PEUT ON REVENIR SUR LES AVANTAGES ACQUIS ?

TRIBUNAL DES AFFAIRES SOCIALES DE MARSEILLE

Audience du 7 Mars 2006 à

RECOURS N°20401694 du 23/04/2004

CONCLUSIONS EN DEMANDE                                             

POUR :

Christian D

Expert retraité- Assuré N°   demeurant 61 Avenue de E   13008 Marseille

CONTRE :

CAISSE INTERPROFESSIONNELLE DE PREVOYANCE ET D’ASSURANCE VIEILLESSE

( CIPAV) ayant son siège 21 rue de Berri 75403 Paris Cedex 08

OBJET DE LA DEMANDE

I- Sur les faits

Contexte et enjeux

Je suis immatriculé à la CIPAV depuis le 1er Janvier 1978.
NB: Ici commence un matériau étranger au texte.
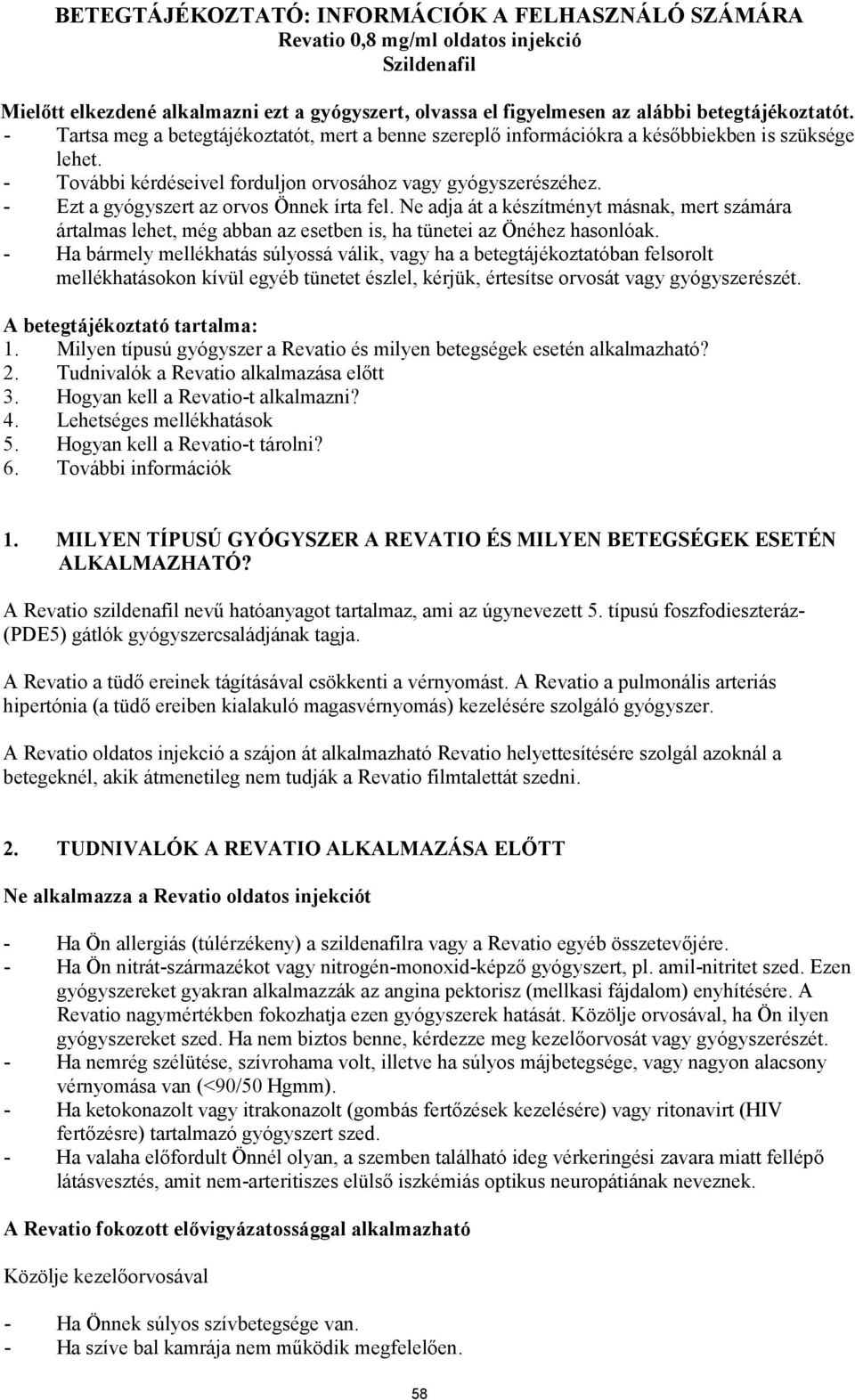 - Ezt a gyógyszert az orvos Önnek írta fel. Ne adja át a készítményt másnak, mert számára ártalmas lehet, még abban az esetben is, ha tünetei az Önéhez hasonlóak.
Suite à la liquidation de ma pension vieillesse le 1 er avril 1998 (Pièces N°1,2 et 3 )au titre du régime de base, j’ai continué à exercer une activité professionnelle réduite d'expert tout en demeurant affilié à ma caisse de retraite de base et complémentaire (la CIPAV ). A cette époque, mon affiliation à la CIPAV au titre de cette activité s'est donc fait sous l'empire de l'article L 642-2 du Code de la sécurité sociale (CSS) alors applicable qui disposait que « les statuts des sections

professionnelles peuvent prévoir l'exonération du paiement des cotisations pendant les premières années d'exercice de la profession. (...) Ils peuvent également dispenser du paiement des cotisations les personnes ayant atteint un âge fixé en Conseil d'Etat (65 ans) ».

De ce fait, les statuts de la CIP A V (Pièce N°28), caisse à laquelle je suis affilié, prévoient en leur article 18 (du régime de base) que « la cotisation, qui est portable, est exigible pour l'année entière dès le 1er janvier. Elle cesse d'être due à compter de l'année civile suivant le 65ème anniversaire ».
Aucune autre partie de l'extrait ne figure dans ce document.